Winter Solstice at Road’s End
Tide’s out. Setting sun
gleams like blood on the breakers.
Those orange lights
on the far horizon
must be fishing boats.
Last week a crabber capsized
on the bar at Coos Bay,
the skipper drowned. The coho run
is supposed to be up this year,
sockeyes down.
The wide beach is nearly empty,
just a pair of staggering lovers
and an old woman in rubber boots.
I watch a rivulet
spill from its pipe in the bluff,
fan out across the sand
in shifting channels
like a prostrate tree
or the nerves in a body,
a mock river flowing down to the shore.
Where the fetid drainwater
merges with the surf,
a few seagulls wait,
hoping to feed
on whatever life the trickle bears.


Into the Wind
Alley-cats of the sand. Beach
bum birds. Avian spawn of garbage dumps.
Those pretty white spatters all over the parking lot
are their artwork. The one thing I can say for seagulls:
those week-old donuts the bag lady is throwing out for them
they deserve.
On the other hand, yesterday I was out on the jetty,
and a seagull jetted past me, cutting at sixty miles an hour
into the wind. How does it do that? Does it find some seam in the air
it can slide through without resistance? Can it do some kind of jiu-jitsu
that rolls the wind around its wings
to push it from behind?
Whatever it does,
I want some. Seems like my life
is getting down to old donuts and shit on the sidewalk.

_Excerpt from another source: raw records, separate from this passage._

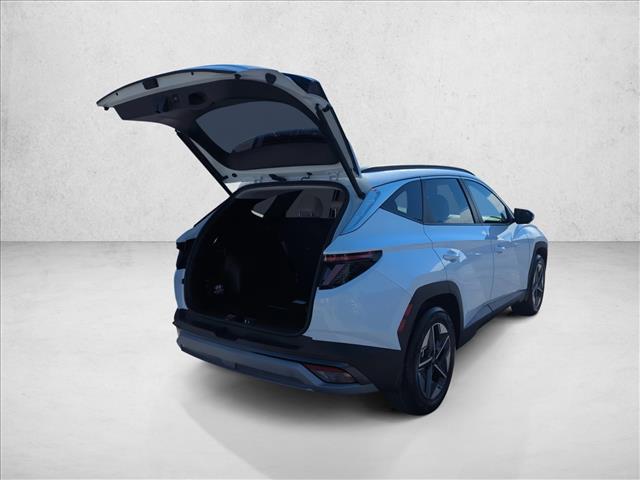 2025 Hyundai Tucson SEL Convenience photo 2
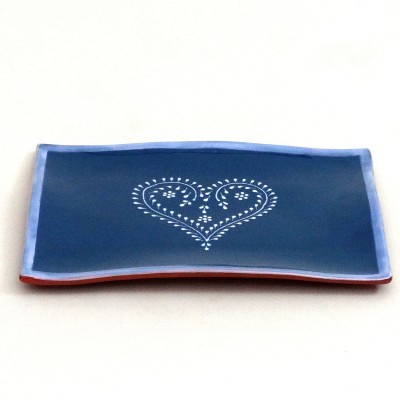 Prato rectangular em cerâmica azul com padrão branco em forma de coração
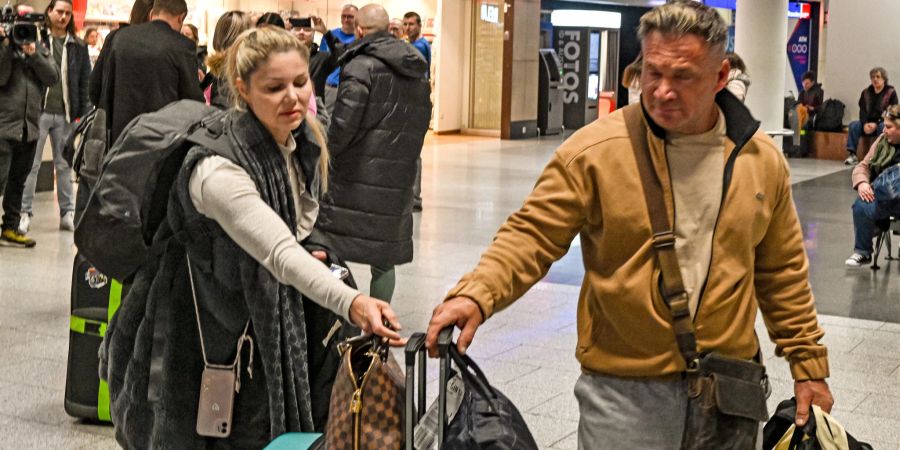 Yvonne Woelke und Peter Klein (Stiefpapa von Daniela Katzenberger): Die beiden sollen im Dschungelcamp eine Affäre gehabt haben.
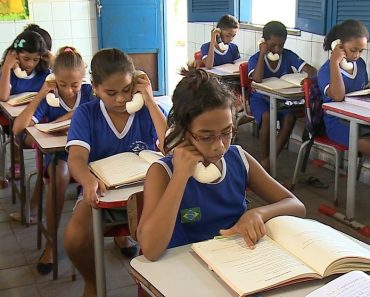 Professora usa telefone feito de cano para ensinar pronúncia e estimular leitura de alunos no Piauí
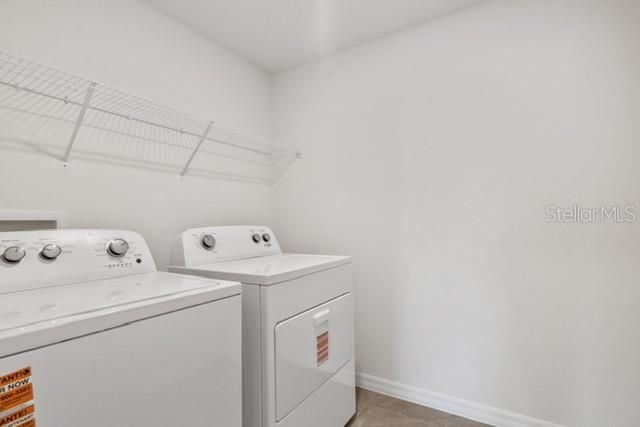 For Rent: $2,400 (5 beds, 3 baths, 2481 Square Feet)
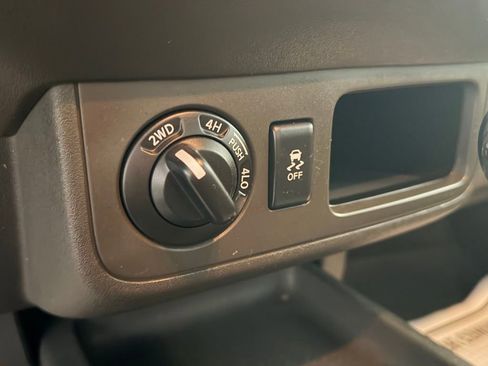 Used 2012 Nissan Xterra S w/ Value Package image 18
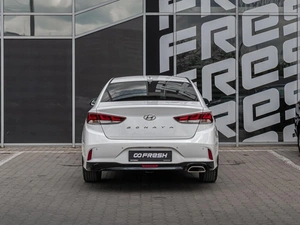 Седан Hyundai Sonata 2019 года, 1840000 рублей, Краснодар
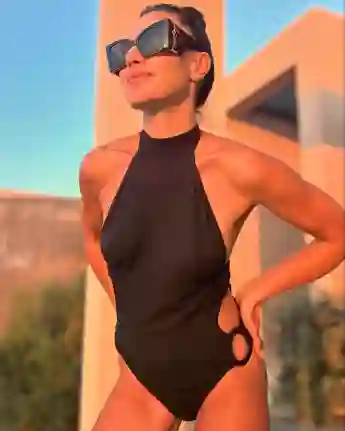 nazan eckes heiß sexy badeanzug freizügig body haut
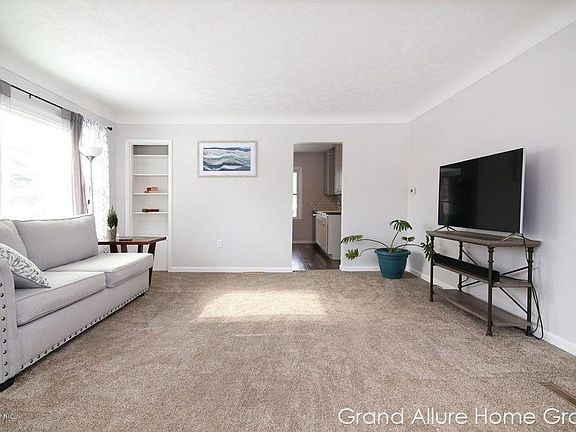 4th image of 5865 Ethelwin Ave NE
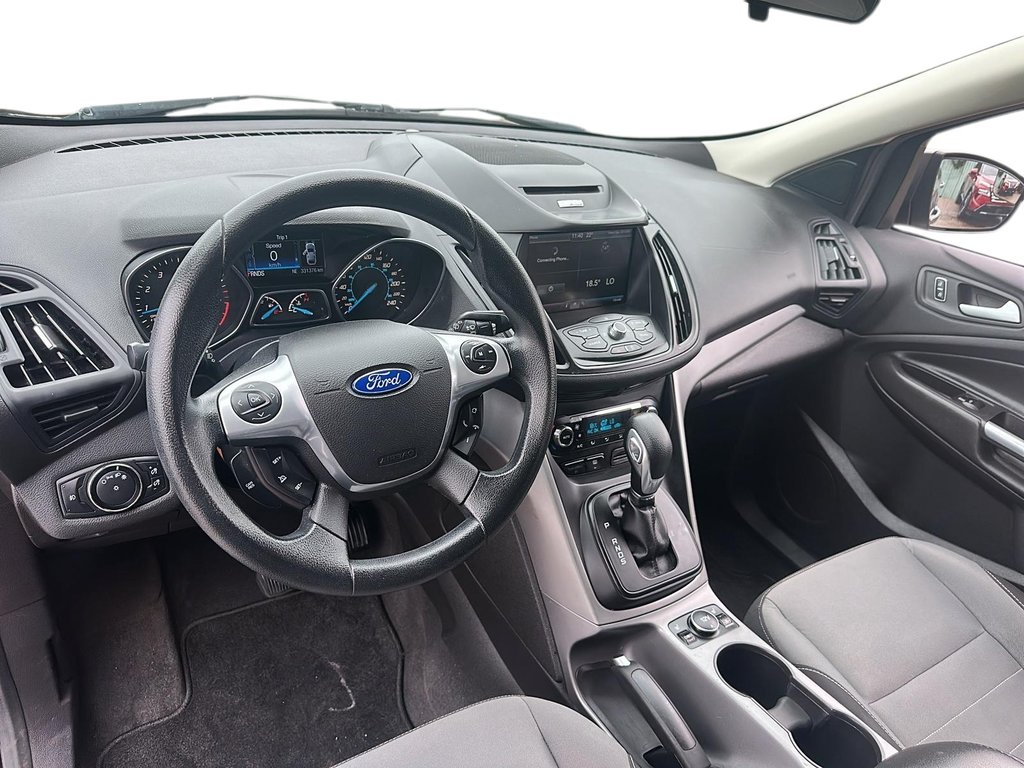 2014 Ford Escape SE - 4WD in Stratford, Ontario - 9 - w1024h768px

I have no idea where I’m going, but if I could just
cut through this headwind,
I could get there faster.



Charles Goodrich is the author of three volumes of poems, Going to Seed: Dispatches from the Garden, Insects of South Corvallis, and, just out from Silverfish Review Press, A Scripture of Crows, and a collection of essays about nature, parenting, and building their house, The Practice of Home.